To which, the proper response might be: “Well, duh.”

In advance of today’s federal budget, Mr. Flaherty – his new shoes dutifully acquired from Toronto’s Mellow Walk Footwear – declared to media, “There are some terrorist organizations, there are some organized crime organizations, that launder money through charities and that make donations to charities and that’s not the purpose of charitable donations in Canada. We are being increasingly strict on the subject.”

What’s more, he said, “If the critics of the government (policy to close the apparent loophole) are terrorist organizations and organized crime, I don’t care.”

Sure, but that’s not really the nontaxable sixty-four-thousand dollar question.

If it were, then citizens of this country would have every right to demand what, exactly, the Canadian Security Intelligence Service and Communications Security Establishment Canada – not to speak of America’s Central Intelligence Agency and National Security Agency and the co-dependent operations of Britain’s Secret Intelligent Service – have been doing in the authentic age of surveillance.

I mean, are we or aren’t we fully, bloodily and bodily exposed? And if the critics of the government are, in fact, terrorist organizations, then shouldn’t our “friendly” spies and spooks care rather deeply, even if our finance minister does not?

No, this is not about terrorists or money launderers or organized criminals. This is about that hemp-clad, plackard-waving, fossil-fuel hating, trust-fund baby boomer (and his millennial acolytes) who has roundly peeved Conservative office-holders, lo these many years.

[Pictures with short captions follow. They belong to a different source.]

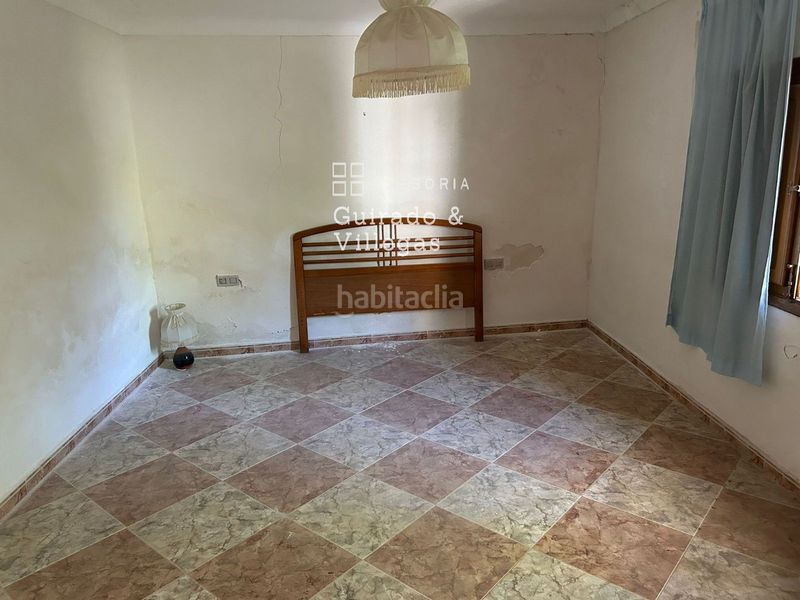 Foto ffc49dc2-e012-472e-98bf-477f10d08610. Casa adossada a Fines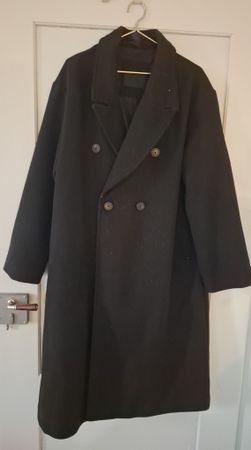 Klassischer schwarzer Wollmantel, Grösse L, top Zustand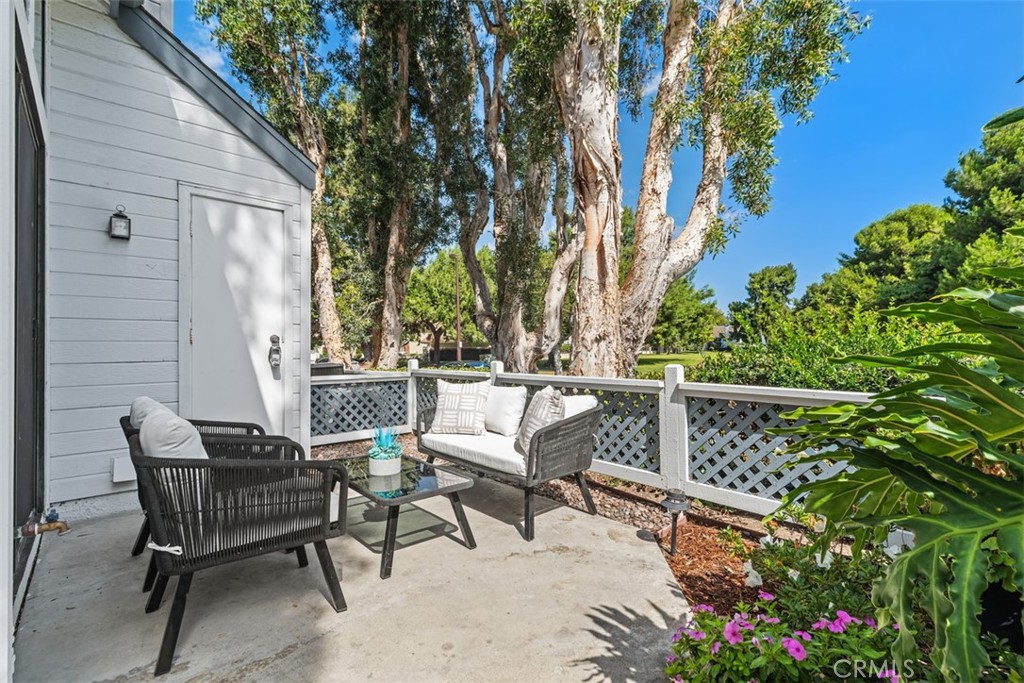 Laurels (LR) - Residential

According to the Toronto Star and other news organizations, the Canada Revenue Agency (CRA) is systematically auditing environmental charities that continue to make a connection between fossil fuel production in Alberta and global warming.

It wants to know whether the organizations – Pembina Foundation, David Suzuki Foundation, Tides Canada and Environmental Defence, among others – are running afoul of the 10 per cent rule, which refers to the percentage of a charity’s time and money that may be spent on political or advocacy work as long as the activities are non-partisan in nature (that is, not aligned to particular parties).

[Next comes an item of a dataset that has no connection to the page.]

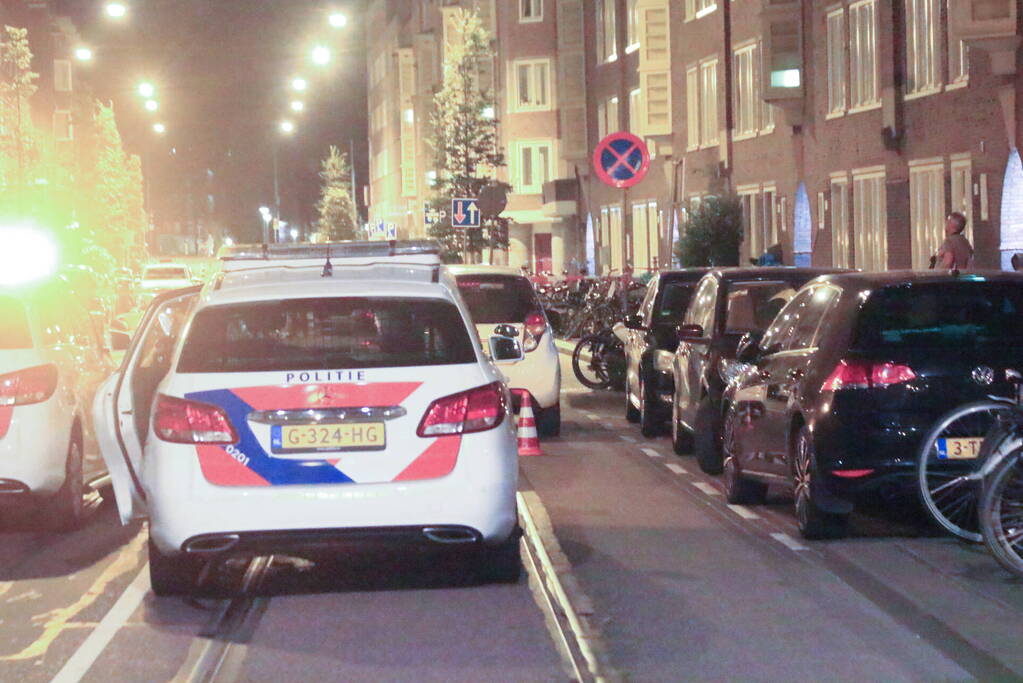 Twee mannen op de vlucht na schietpartij op woning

John Bennett of the Sierra Club of Canada calls this “a war against the sector.”  Marcel Lauzière of Imagine Canada laments the “big chill out there with what charities can and cannot do.”

All of which may be true, but CRA’s government-sanction audits illustrate, if nothing else, that the sector has struck a nerve in Ottawa. Who knew that Bambi’s tree-hugger brigade would scare the scat out of the establishment fat cats in Ottawa?

In fact, it’s been a pretty good past couple of years for environmental groups bent on countering the federal government’s fondness for the oil sands. The effects of coordinated and aggressive publicity campaigns are especially noticeable in the United States, where the Obama administration continues to drag its feet on the proposed Keystone XL pipeline.

One recent poll by USA Today indicates that only a slight majority of Americans surveyed supported imports of oil sands crude from Alberta. “About 56 per cent say they favor the northern leg of the billion-dollar, Canada-to-U.S. project and 41 per cent oppose it, according to the poll of 801 U.S. adults completed last month by Stanford University and Resources for the Future (RFF), a non-partisan research group,” the newspaper reported last month.

Still, any government that deliberately targets for censure organizations with which it doesn’t agree, and whose growing influence it fears, runs a perilously close risk of trampling on some very hallowed democratic ground.

After all, if you name your organization “Environmental Defence”, apply for and receive charitable status, do you not also assume that your right to criticize official policy   on said environment is protected?

And what utter nonsense is the 10 per cent rule, anyway. All charities fill the gaps in the public and private sector’s attention to social detail. They exist to do precisely what their critics and detractors revile: advocate.

By all means, go after the evil-dowers who distort our charities for larcenous ends. But for the rest of the sector, let’s holster our six guns.